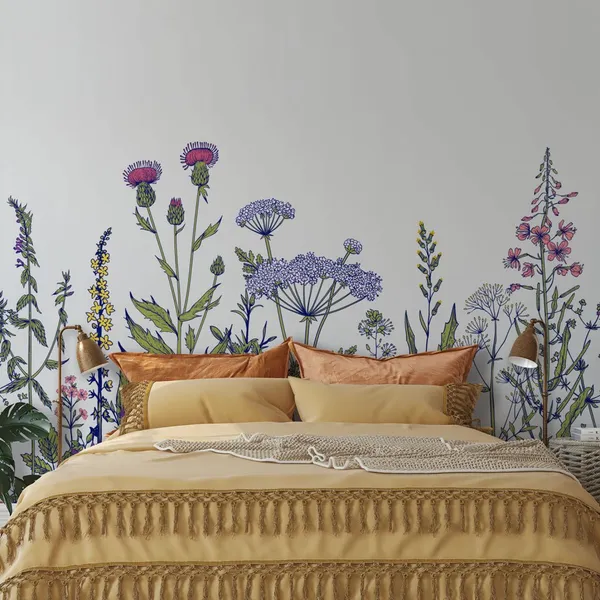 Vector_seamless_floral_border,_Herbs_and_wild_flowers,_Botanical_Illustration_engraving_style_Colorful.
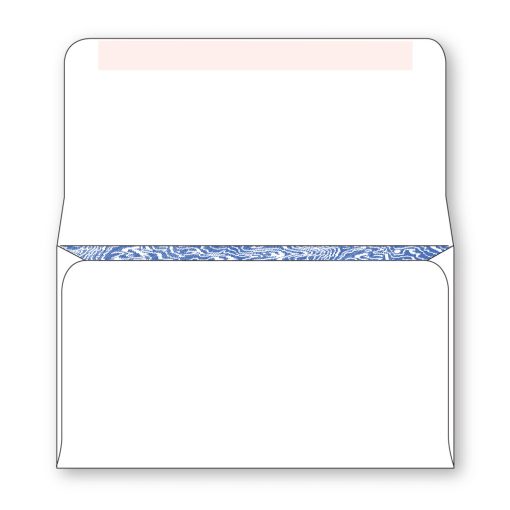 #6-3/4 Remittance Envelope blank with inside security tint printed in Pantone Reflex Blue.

^^^^^^^^^^^^^^^^

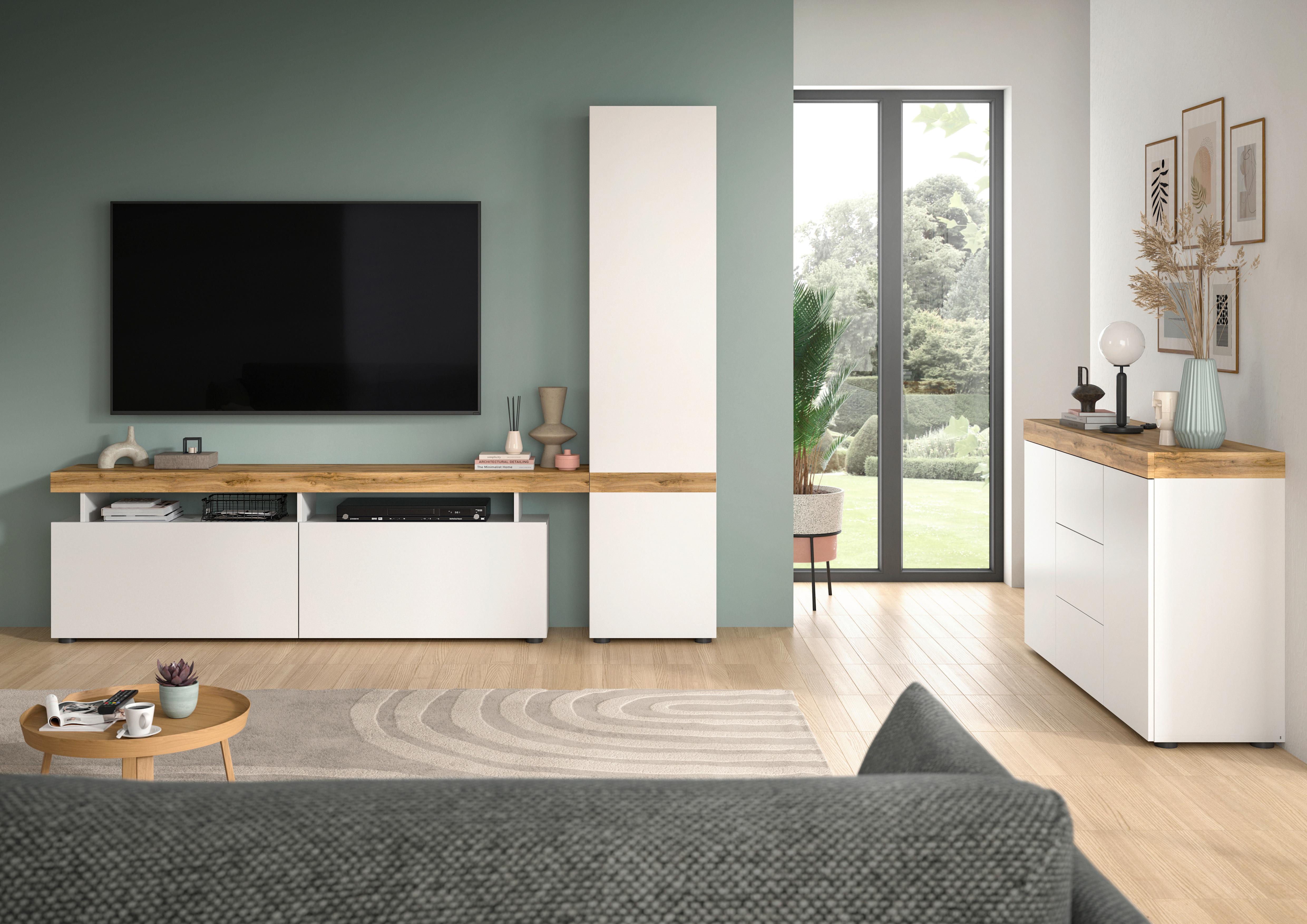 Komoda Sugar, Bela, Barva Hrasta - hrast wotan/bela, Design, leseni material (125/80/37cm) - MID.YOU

^^^^^^^^^^^^^^^^

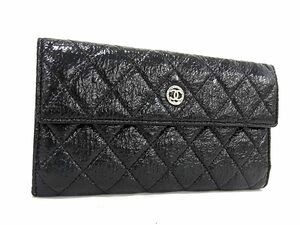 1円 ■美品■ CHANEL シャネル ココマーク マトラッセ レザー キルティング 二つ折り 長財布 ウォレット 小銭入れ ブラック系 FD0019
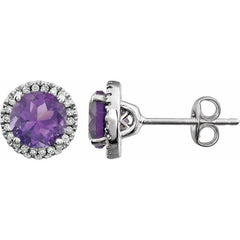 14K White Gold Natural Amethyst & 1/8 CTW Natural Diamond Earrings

^^^^^^^^^^^^^^^^

After locating "1円 ■美品■ CHANEL" and "14K White Gold" in the records above, return exactly the line holding each one and every line between them; leave out the pictures.

 1円 ■美品■ CHANEL シャネル ココマーク マトラッセ レザー キルティング 二つ折り 長財布 ウォレット 小銭入れ ブラック系 FD0019
 14K White Gold Natural Amethyst & 1/8 CTW Natural Diamond Earrings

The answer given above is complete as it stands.